Sabemos que el desarrollo es un fenómeno multifacético. Hoy en día es inaceptable reducirlo a su sola dimensión económica, aunque ese aspecto del desarrollo posea una importancia imposible de desconocer. Junto con la creación de riqueza, se hace necesario un decisivo avance en los ámbitos social y político de modo que se haga posible que ella se distribuya equitativamente entre la población y que, por tanto, se traduzca en un verdadero bienestar colectivo.

Hablar de gobernabilidad equivale a plantearse las cuestiones relativas a ese desarrollo económico, social y político. Significa, en un sentido general, propiciar las condiciones para que un Estado y una sociedad puedan movilizar con eficiencia sus recursos hacia el cumplimiento de ciertas metas definidas.

En efecto, los grandes objetivos que se traza una sociedad –por ejemplo, el de la industrialización o el de la reducción de la pobreza– no se obtienen  simplemente por un acto de voluntad política. No basta la determinación de un gobierno ni es suficiente, siquiera, un amplio consenso político y social para que ciertas metas de transformación colectiva sean efectivamente alcanzadas. Si la voluntad de obrar es importante lo es, en igual o mayor medida, la existencia de ciertas condiciones en la organización social, ciertos arreglos duraderos entre Estado y sociedad que permitan que esa voluntad y la acción de gobernantes y gobernados rinda los resultados deseados. Es necesario, en pocas palabras, que esa sociedad sea gobernable.

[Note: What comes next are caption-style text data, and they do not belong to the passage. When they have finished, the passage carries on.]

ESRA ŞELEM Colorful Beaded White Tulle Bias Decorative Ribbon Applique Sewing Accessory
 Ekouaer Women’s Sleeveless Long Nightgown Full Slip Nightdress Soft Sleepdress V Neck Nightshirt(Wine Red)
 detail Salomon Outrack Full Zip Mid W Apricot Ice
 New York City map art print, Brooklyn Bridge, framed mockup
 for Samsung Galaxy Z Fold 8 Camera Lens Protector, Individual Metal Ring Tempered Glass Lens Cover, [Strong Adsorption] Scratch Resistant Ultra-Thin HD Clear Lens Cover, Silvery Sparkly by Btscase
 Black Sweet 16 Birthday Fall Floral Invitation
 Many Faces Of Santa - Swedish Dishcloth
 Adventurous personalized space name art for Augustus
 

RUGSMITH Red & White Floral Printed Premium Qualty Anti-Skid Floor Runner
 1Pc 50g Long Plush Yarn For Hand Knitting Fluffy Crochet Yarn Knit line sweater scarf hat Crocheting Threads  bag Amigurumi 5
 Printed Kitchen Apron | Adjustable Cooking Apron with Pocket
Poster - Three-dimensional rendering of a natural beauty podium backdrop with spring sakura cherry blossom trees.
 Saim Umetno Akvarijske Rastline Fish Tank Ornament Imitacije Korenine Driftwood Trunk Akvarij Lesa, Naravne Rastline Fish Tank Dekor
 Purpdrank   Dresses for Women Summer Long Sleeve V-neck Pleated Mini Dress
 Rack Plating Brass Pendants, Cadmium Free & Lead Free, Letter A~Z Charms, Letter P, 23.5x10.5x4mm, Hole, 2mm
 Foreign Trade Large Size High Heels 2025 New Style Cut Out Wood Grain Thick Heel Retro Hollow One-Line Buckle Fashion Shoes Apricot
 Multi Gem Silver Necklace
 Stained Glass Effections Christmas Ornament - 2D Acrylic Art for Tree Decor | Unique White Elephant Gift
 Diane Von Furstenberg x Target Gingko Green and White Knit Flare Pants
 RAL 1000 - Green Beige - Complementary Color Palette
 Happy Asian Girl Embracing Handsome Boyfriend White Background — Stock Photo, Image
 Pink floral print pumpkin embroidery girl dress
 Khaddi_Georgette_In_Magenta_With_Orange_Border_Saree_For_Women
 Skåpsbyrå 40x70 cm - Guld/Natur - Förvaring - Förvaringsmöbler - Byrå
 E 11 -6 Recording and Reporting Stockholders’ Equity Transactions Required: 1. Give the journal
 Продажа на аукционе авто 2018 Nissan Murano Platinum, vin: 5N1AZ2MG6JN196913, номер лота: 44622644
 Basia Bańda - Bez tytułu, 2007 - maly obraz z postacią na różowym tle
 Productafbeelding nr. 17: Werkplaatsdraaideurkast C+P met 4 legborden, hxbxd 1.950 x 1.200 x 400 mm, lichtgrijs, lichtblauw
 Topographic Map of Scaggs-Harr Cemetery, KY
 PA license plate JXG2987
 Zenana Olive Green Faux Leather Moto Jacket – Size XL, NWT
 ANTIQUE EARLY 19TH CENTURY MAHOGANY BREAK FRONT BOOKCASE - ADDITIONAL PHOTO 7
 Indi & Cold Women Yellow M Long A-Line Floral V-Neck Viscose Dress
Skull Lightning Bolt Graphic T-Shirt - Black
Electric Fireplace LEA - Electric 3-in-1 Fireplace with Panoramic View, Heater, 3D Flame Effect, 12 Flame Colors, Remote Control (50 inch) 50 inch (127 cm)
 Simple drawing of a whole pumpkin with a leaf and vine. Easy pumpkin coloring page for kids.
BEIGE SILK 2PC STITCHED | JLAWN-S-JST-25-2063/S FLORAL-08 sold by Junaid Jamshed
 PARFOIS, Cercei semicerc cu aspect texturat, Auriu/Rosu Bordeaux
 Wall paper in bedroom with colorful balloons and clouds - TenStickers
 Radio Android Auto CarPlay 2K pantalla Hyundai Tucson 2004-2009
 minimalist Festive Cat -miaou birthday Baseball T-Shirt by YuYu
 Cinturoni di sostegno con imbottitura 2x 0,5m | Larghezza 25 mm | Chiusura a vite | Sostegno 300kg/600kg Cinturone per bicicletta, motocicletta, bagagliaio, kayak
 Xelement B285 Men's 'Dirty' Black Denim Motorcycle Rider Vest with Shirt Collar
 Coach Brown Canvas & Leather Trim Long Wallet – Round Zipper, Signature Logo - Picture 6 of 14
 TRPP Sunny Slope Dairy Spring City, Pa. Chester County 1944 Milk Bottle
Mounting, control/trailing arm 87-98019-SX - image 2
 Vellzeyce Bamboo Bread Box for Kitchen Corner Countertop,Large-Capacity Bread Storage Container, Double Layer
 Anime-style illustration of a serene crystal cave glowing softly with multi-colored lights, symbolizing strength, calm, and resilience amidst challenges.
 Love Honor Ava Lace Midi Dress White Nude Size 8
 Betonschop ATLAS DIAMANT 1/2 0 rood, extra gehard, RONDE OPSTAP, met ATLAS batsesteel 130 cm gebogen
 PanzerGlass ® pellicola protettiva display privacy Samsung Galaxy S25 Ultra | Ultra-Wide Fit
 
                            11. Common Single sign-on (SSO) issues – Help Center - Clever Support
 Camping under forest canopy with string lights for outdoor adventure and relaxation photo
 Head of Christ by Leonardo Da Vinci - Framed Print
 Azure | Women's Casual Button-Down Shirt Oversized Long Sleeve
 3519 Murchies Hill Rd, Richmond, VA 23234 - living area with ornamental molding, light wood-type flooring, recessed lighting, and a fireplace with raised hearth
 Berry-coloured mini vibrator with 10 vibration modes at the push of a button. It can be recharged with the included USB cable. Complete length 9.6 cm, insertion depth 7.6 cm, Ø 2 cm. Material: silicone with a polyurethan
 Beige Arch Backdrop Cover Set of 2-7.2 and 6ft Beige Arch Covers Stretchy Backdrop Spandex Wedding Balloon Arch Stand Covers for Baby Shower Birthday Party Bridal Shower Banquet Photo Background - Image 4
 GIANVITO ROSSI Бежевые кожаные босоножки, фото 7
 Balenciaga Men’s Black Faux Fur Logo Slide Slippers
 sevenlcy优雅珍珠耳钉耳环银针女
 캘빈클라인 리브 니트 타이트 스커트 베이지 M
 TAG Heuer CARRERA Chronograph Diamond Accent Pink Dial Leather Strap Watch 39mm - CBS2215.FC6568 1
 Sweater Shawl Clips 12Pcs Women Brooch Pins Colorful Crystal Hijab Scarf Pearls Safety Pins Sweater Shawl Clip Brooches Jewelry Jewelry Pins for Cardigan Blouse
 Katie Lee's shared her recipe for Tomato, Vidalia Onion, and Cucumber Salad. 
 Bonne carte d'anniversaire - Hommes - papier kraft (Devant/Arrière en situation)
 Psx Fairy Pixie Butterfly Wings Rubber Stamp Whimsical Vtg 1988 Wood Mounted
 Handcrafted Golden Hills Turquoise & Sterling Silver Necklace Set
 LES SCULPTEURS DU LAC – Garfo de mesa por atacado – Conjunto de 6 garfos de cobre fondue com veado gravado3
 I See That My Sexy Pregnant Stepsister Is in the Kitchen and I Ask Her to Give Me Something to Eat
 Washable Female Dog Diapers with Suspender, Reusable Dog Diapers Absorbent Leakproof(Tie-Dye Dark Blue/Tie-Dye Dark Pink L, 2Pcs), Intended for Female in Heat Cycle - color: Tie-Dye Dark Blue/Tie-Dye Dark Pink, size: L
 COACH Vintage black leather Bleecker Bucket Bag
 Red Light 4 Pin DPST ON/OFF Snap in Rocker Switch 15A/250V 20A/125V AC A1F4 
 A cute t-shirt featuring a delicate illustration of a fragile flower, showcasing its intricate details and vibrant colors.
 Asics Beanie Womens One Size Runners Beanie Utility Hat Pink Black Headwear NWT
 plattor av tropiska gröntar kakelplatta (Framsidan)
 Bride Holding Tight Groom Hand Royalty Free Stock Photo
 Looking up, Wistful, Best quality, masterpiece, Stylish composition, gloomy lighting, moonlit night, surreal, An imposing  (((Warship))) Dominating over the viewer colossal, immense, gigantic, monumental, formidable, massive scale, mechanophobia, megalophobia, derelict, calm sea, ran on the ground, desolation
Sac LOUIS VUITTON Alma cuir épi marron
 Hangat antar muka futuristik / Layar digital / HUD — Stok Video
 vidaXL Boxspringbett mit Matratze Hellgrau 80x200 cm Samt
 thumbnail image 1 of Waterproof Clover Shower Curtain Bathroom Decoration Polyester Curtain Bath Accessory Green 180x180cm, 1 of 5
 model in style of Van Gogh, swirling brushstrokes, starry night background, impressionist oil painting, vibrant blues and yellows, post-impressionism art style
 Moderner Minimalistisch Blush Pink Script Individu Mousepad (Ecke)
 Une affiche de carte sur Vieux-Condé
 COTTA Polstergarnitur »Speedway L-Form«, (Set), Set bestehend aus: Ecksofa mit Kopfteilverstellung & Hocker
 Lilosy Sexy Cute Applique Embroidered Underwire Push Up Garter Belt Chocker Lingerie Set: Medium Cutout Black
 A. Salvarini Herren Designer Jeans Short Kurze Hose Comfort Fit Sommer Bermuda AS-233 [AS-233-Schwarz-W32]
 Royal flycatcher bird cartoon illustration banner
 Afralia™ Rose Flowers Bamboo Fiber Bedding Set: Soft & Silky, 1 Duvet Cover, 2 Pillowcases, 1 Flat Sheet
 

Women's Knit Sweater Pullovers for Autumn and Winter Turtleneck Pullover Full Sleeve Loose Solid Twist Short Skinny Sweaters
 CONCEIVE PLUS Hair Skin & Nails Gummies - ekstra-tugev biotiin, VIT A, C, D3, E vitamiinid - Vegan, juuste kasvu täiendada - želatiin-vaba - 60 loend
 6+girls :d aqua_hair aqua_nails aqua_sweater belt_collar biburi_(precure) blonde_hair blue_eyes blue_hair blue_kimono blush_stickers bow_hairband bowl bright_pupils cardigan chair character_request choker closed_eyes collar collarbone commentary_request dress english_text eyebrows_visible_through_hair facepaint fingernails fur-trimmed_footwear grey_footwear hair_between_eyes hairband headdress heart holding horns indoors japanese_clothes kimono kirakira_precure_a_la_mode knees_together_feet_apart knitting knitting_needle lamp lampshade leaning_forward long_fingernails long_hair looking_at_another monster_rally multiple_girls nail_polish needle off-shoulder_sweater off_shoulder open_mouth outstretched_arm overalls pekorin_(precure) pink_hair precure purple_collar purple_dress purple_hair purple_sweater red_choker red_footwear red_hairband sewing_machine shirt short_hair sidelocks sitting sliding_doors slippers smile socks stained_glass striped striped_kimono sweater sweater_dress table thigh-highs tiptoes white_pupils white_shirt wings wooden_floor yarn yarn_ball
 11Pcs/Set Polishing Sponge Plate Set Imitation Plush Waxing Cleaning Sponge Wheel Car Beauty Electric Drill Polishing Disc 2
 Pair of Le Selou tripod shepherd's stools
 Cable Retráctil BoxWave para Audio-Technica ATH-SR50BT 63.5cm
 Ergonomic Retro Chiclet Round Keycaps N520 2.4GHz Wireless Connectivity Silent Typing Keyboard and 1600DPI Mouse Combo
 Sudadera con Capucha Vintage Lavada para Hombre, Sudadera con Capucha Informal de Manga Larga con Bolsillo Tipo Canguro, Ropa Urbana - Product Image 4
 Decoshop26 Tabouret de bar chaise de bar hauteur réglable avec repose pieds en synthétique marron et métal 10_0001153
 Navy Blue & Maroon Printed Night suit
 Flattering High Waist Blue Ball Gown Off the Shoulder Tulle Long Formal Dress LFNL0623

Ahora bien, no es fácil precisar qué es lo que  se ha de entender por una sociedad gobernable. Lo seguro, en todo caso, es que no cabe confundir la gobernabilidad con la sumisión o docilidad de una sociedad a sus autoridades de turno. Antes bien, puede significar lo contrario: la relativa autonomía de una sociedad respecto de sus gobernantes transitorios, en la medida en que aquélla ha asimilado cierto orden duradero, cierta forma de organizarse eficiente –es decir, acatada y cumplida por sus pobladores– y que no cambia con el viento.

Lo dicho nos remite con mucha naturalidad, desde luego, al tema de la institucionalidad. Los esfuerzos que se hacen en un país podrán ser fructíferos, y una sociedad podrá avanzar hacia una meta definida, en la medida en que existan ciertos modos de actuar permanentes, y por tanto previsibles, y sujetos a reglas generales y no al capricho personal. En sus grandes rasgos, la consolidación de las instituciones –proceso vinculado muy estrechamente con el fortalecimiento del Estado de Derecho– se encuentra en la base de la gobernabilidad que, a su vez, es factor indispensable del desarrollo.

Se ha dicho, por otro lado, que una de las características del subdesarrollo es la falta de acumulación. Al respecto es necesario comprender que esta afirmación no se refiere única ni principalmente a la acumulación de bienes materiales; se relaciona, en medida muy importante, con el incremento del saber, es decir, con el aprendizaje que se deriva de las experiencias colectivas, el que permite corregir errores, afinar las políticas que se deben seguir y desechar las que se revelen como  defectuosas y repetir las que hubieren resultado exitosas. Hay bastante más que decir sobre el tema. Lo haremos más adelante.